Dasain has come and gone, the lilting strings of the Malshri Raga evoking the impermanence of this family festival. For a brief week, the temporary, informal ceasefire allowed us all to pretend that harmony had returned to the land.
It was a public relations plus point for the Maoists to announce on the eve of Dasain that they were unilaterally halting offensive action. It forced the government to reciprocate, which it did with extreme reluctance. Now, even this uneasy truce is over and nobody knows what lies in store.
If the Terrorism and Disruptive Activities (Control and Punishment) Ordinance promulgated last week is any indication, we are headed for a long winter of discontent as the security agencies seem determined to force all political opposition into submission.
Ever since TADO was passed by the parliament, it has been shrouded in a thick cloud of controversy. Human Rights activists objected to the provision under which security officials can put anybody in preventive detention for up to 90 days. After the dissolution of the parliament in early 2002, successive governments have been re-promulgating the act as ordinances with all provisions intact.
And the security forces have been using its preventive detention powers with full impunity. In fact, suspects freed on judicial order have immediately been re-arrested sometimes right from the court premises.
With the recent amendment in the act through an ordinance, the period of power to arrest and detain a suspect has been increased to one year. To detain any suspect for an initial six months, the designated officer doesn't even need a second opinion, he can arrest anybody on his own discretion. To extend the period of detention by another six months, he doesn't need permission of a court of law, just the concurrence of the Home Ministry.
We understand the 'Unified Command' had wanted premier Surya Bahadur Thapa to recommend this amendment to the king for promulgation, but Thapa resisted long enough to be ousted. His successor, Sher Bahadur Deuba, has proved to be much more pliant: the amendment has been made through an executive decision without even the pretence of a public debate. As is his wont, Deuba seems to have signed on the dotted line without thinking of the implications.
If the experience of the past two-and-half years are anything to go by, TADO will have very little impact on the insurgency. Nearly everywhere outside Kathmandu Valley, the local administration is confined to the district headquarters and elsewhere the Maoist writ runs large. So who is this draconian ordinance aimed at? Inevitably it will be local political party activists who are keeping the facade of multi-party politics alive in the district headquarters, urban centres and Kathmandu Valley. Their fate will be in the hands of the Chief District Officer.

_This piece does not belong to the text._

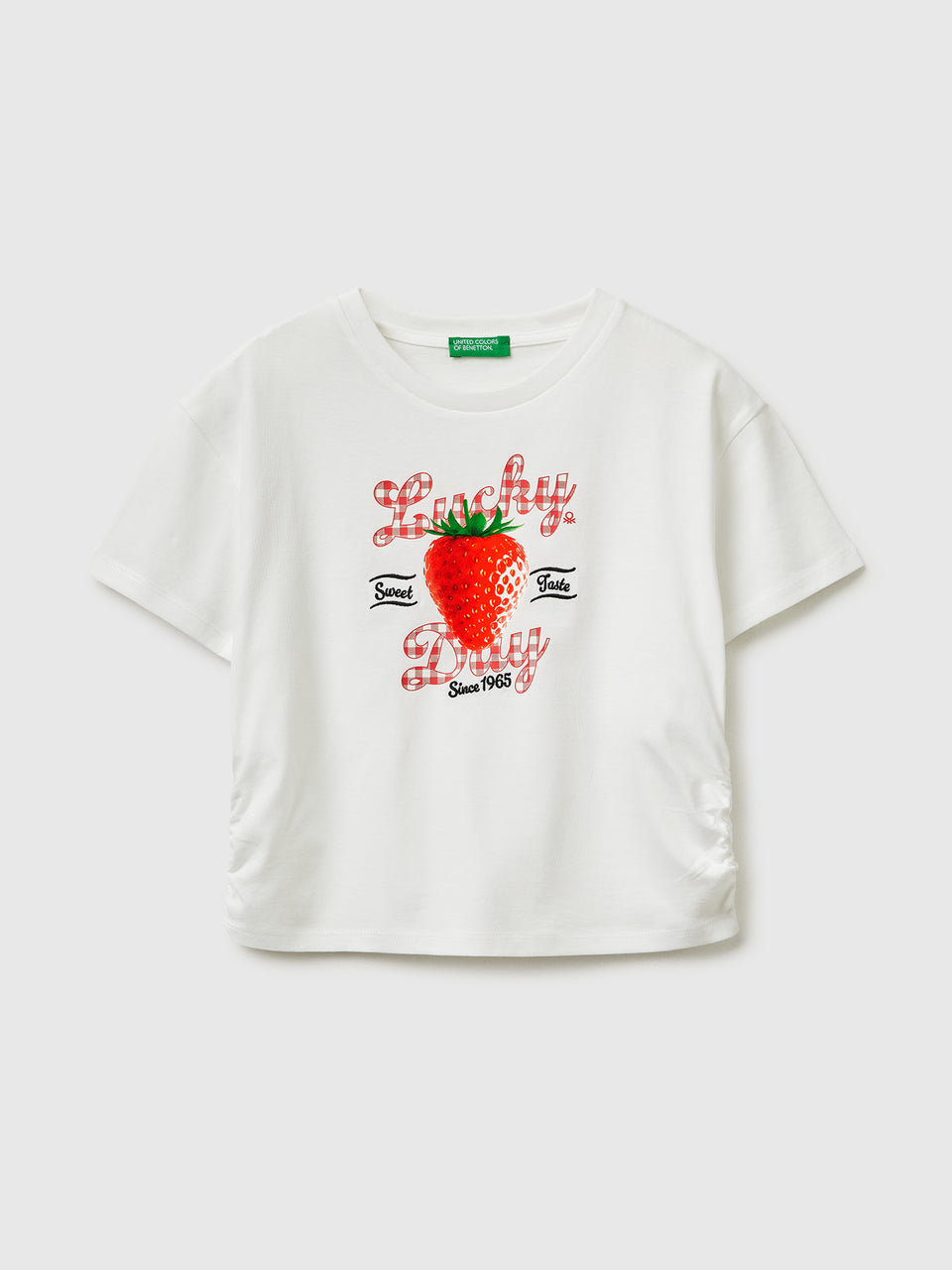 T-shirt gathered at the hips - ucb_image_FS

The amendment and re-promulgation of this ordinance have been done on recommendation of the council of ministers, but its UML members seem to have failed to realise the potential of misuse against their own cadre in the countryside. When (it is no longer a question of 'if') the UML is evicted from Singha Darbar and forced to hit the streets again, its leaders will rue the day they signed what is in effect warrants for their own arrests.
Amidst all this, the agenda for peace has been pushed further into the background. Deuba now wants an election instead, the one he had announced he was going to hold in November 2002. Terrorising the opposition with TADO may be one of the necessary preparations for the kind of election his sponsors have in mind.
Apart from the security forces, the Maoists will be the biggest beneficiaries of this toughened TADO. It gives them fresh ammunition against the legitimacy of a government of royal nominees and insist on negotiations directly with the king. A stronger Maoist fold only means one thing: the prospects of peace will remain as doubtful as ever.